GEO & AI Search

Oltre la ricerca: come l'IA 'agentica' di Google cambierà il modo in cui i clienti trovano la tua azienda

Il Google I/O 2026 ha segnato il passaggio dai semplici motori di ricerca agli agenti intelligenti. Scopri cosa significa questa rivoluzione per la visibilità online delle PMI italiane.

Se il tuo business oggi dipende dal fatto che un utente clicchi sul tuo sito web partendo da una ricerca su Google, devi prepararti a un cambiamento radicale nelle regole del gioco. Al recente Google I/CO 2026, il gigante di Mountain View non ha presentato solo nuovi modelli di linguaggio, ma ha annunciato l'ingresso nell'era dell'IA 'agentica'.
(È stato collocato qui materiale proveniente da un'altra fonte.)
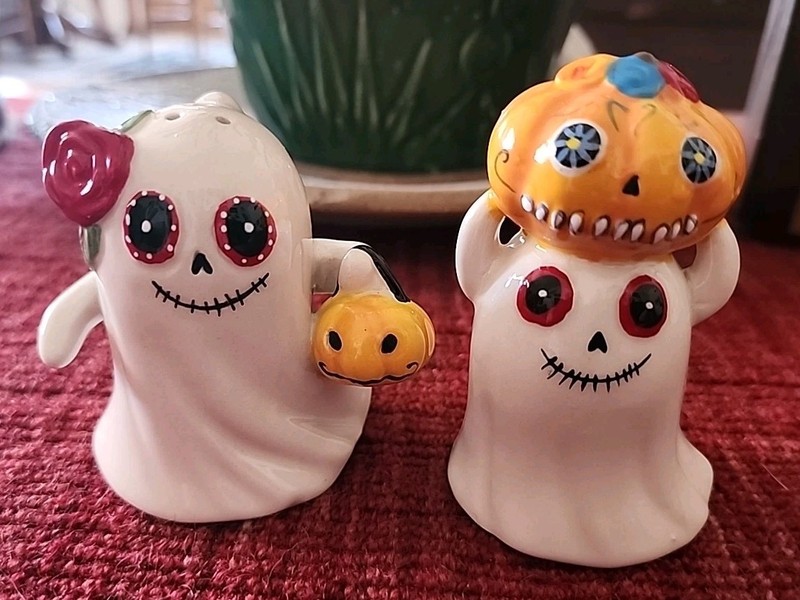 Day of Dead BLUE SKY Claywork Salt & Pepper Shaker GHOST Pumpkin 2020 S&P @RARE@
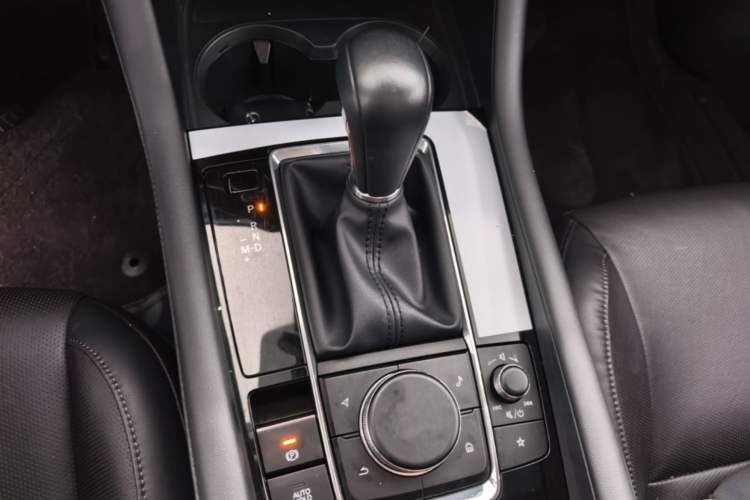 Used Mazda 3 Axela 2023 2.0L Automatic ZhiZhen Edition Gear Lever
Per un imprenditore italiano, questo non è solo un aggiornamento tecnologico, è un cambio di paradigma. Non stiamo parlando solo di algoritmi più veloci, ma di un passaggio dai motori di ricerca (che rispondono a domande) agli assistenti intelligenti (che compiono azioni). Con l'introduzione del modello Omni e dei nuovi agenti, Google non si limiterà a mostrare un elenco di link, ma sarà in grado di pianificare itinerari, confrontare preventivi e persino prenotare servizi per conto dell'utente.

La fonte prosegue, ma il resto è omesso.